- [WHAT THE EXERCISE ASKS]:
Ignoring every picture, return the lines of the listing below word for word, from the line that holds "Red fedora hat" through the line that holds "A hotel room".

[[ RECORDED DATA open ]]

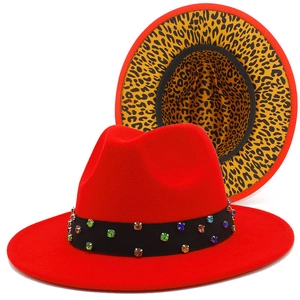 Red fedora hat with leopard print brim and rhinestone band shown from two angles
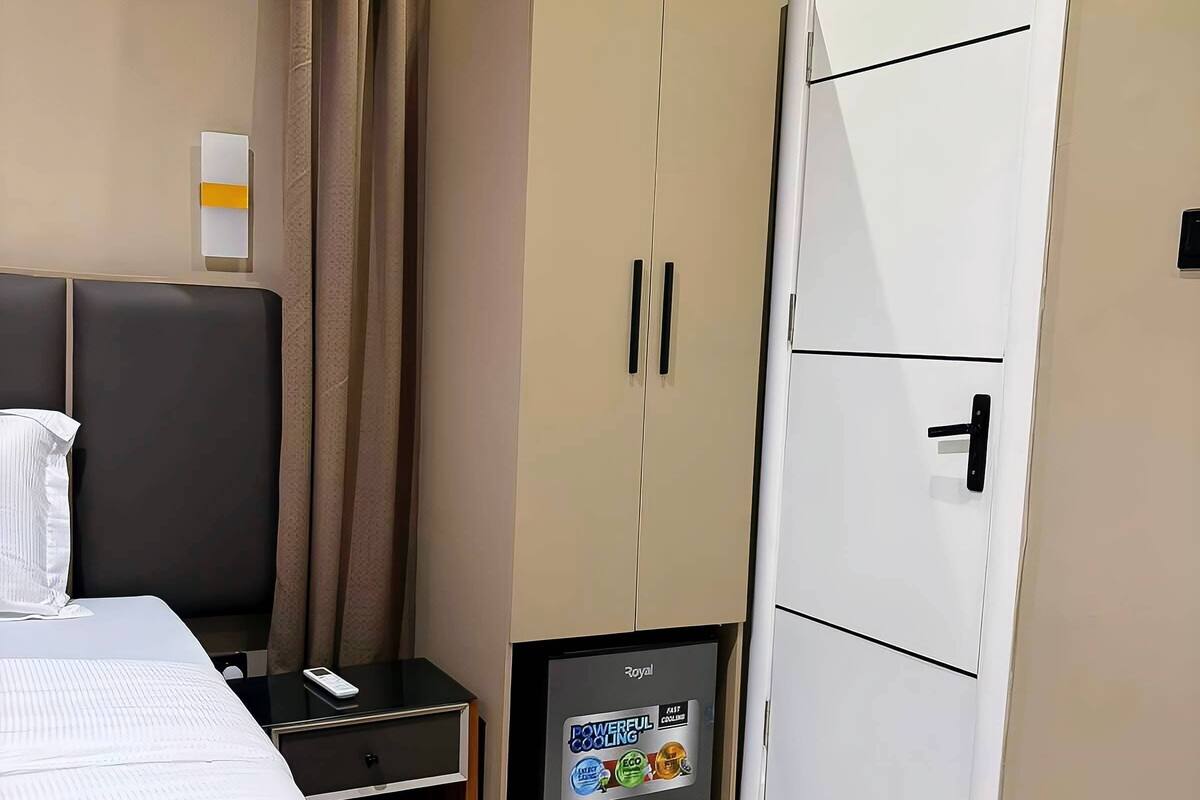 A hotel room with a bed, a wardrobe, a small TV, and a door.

[[ RECORDED DATA closed ]]
[[ RECORDED DATA open ]]

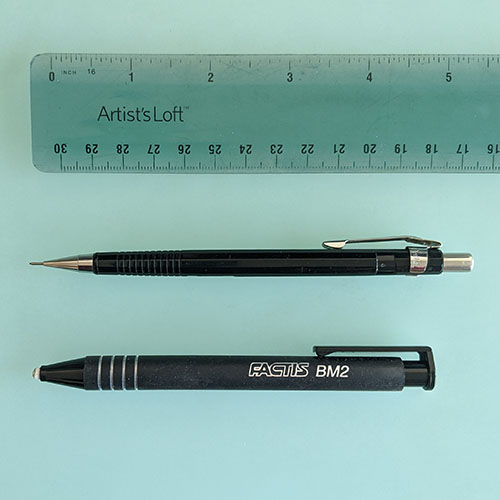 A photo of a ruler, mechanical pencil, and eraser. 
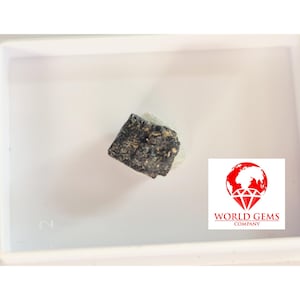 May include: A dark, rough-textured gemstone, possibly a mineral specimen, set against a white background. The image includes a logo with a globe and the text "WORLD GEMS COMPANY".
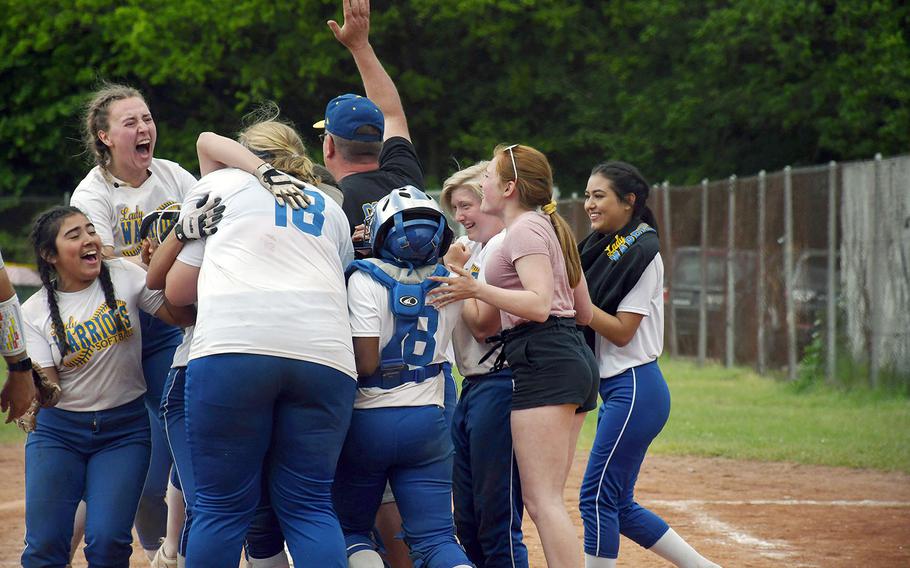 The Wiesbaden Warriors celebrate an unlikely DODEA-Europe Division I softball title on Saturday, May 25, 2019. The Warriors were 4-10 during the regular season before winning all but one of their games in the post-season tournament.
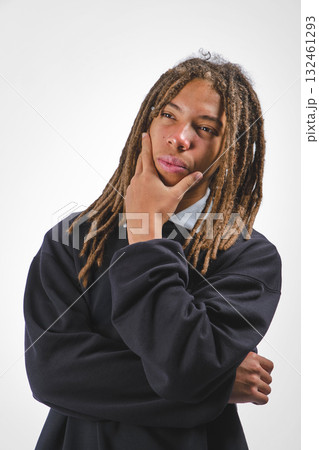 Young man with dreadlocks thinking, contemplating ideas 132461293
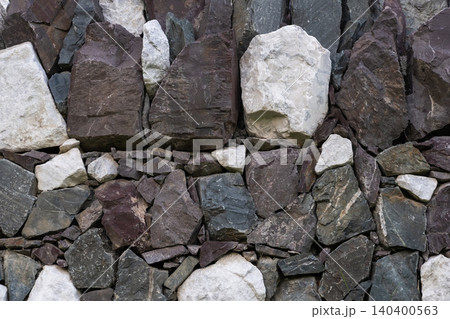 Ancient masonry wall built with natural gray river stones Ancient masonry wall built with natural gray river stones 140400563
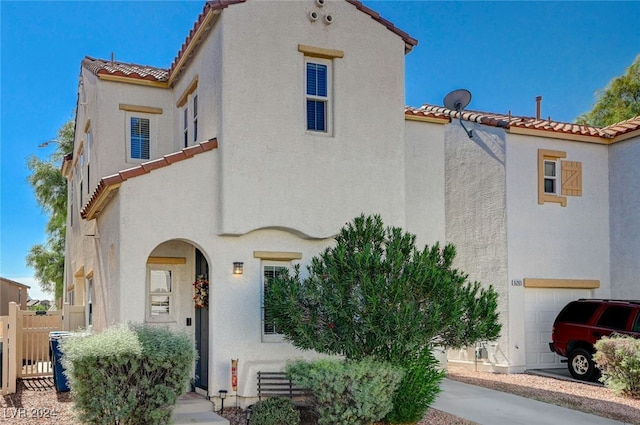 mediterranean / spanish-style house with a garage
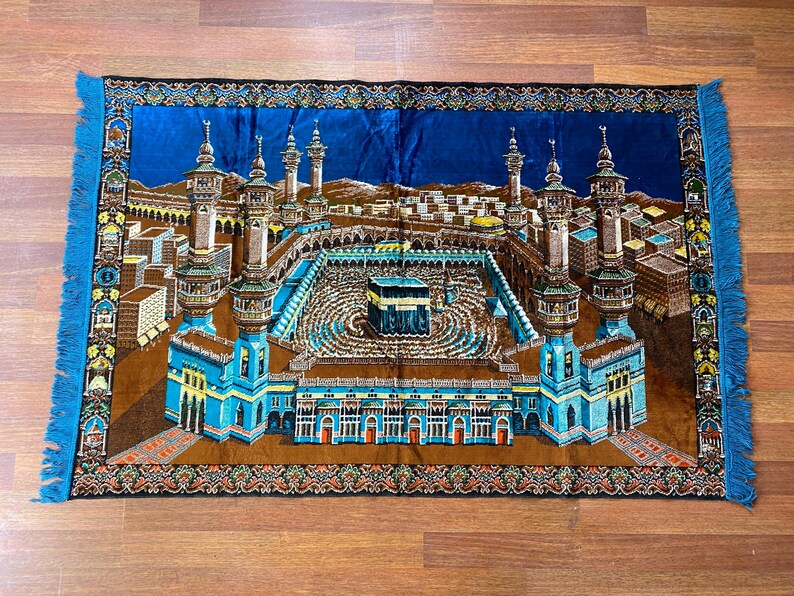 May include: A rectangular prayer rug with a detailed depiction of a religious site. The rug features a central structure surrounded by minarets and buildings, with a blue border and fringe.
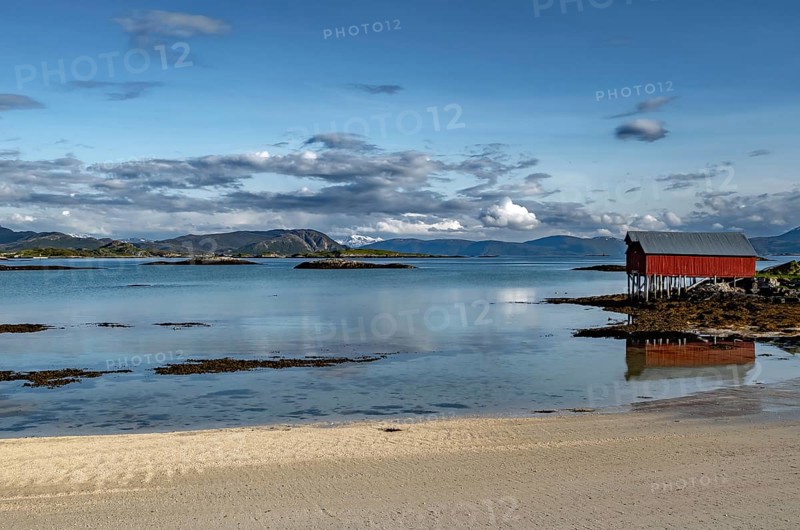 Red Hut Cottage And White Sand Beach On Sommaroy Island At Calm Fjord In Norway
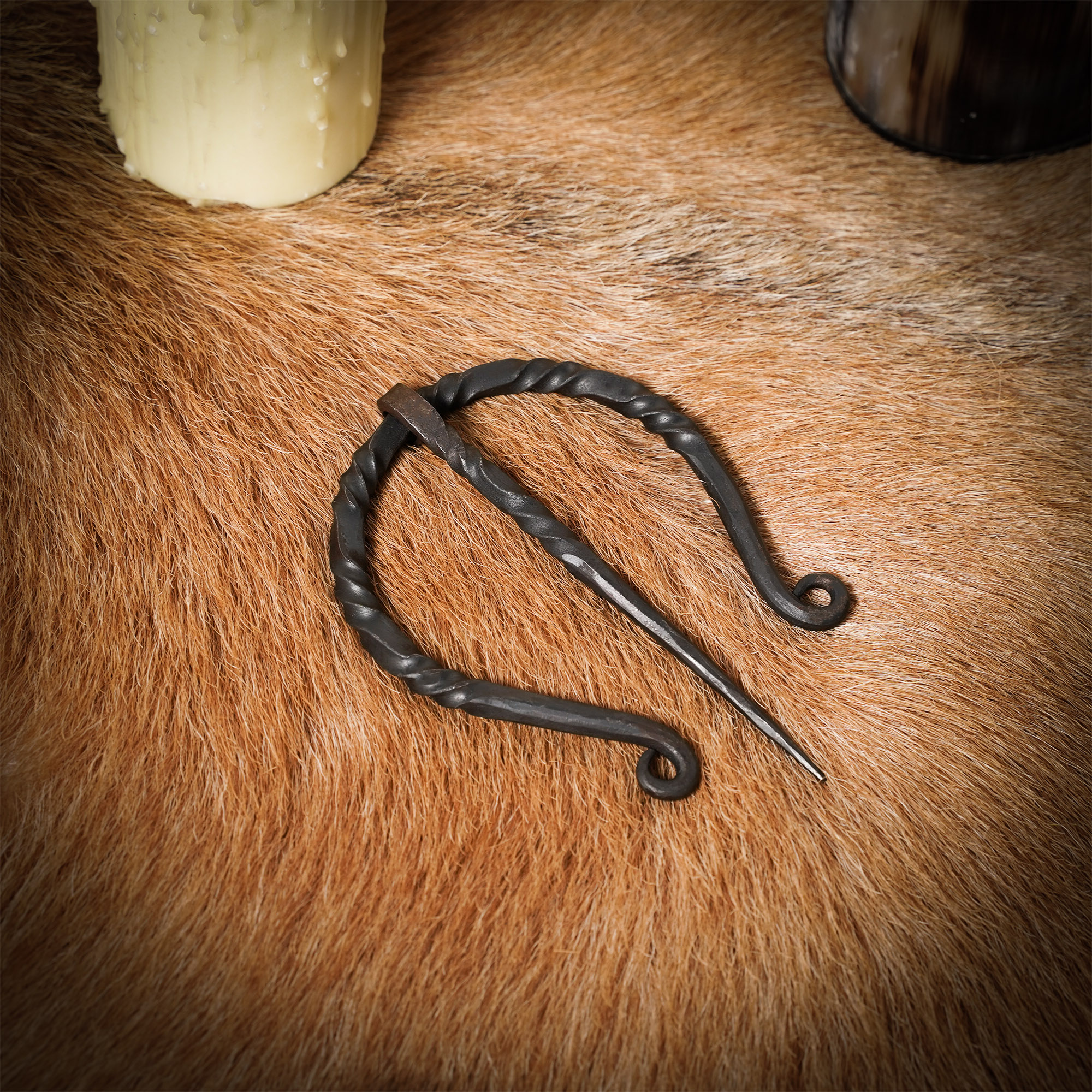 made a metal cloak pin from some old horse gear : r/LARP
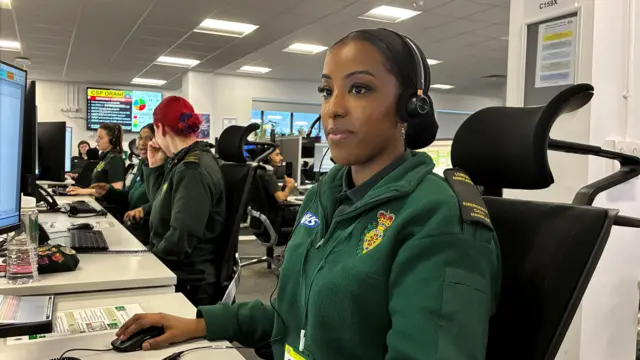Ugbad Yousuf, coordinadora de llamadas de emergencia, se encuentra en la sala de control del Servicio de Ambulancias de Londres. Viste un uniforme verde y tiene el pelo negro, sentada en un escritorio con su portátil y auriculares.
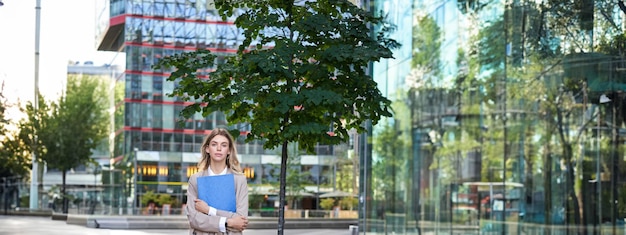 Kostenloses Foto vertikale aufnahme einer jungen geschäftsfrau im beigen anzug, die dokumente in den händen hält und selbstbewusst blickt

[[ RECORDED DATA closed ]]

- [EXERCISE SOLUTION]:
 Red fedora hat with leopard print brim and rhinestone band shown from two angles
 A hotel room with a bed, a wardrobe, a small TV, and a door.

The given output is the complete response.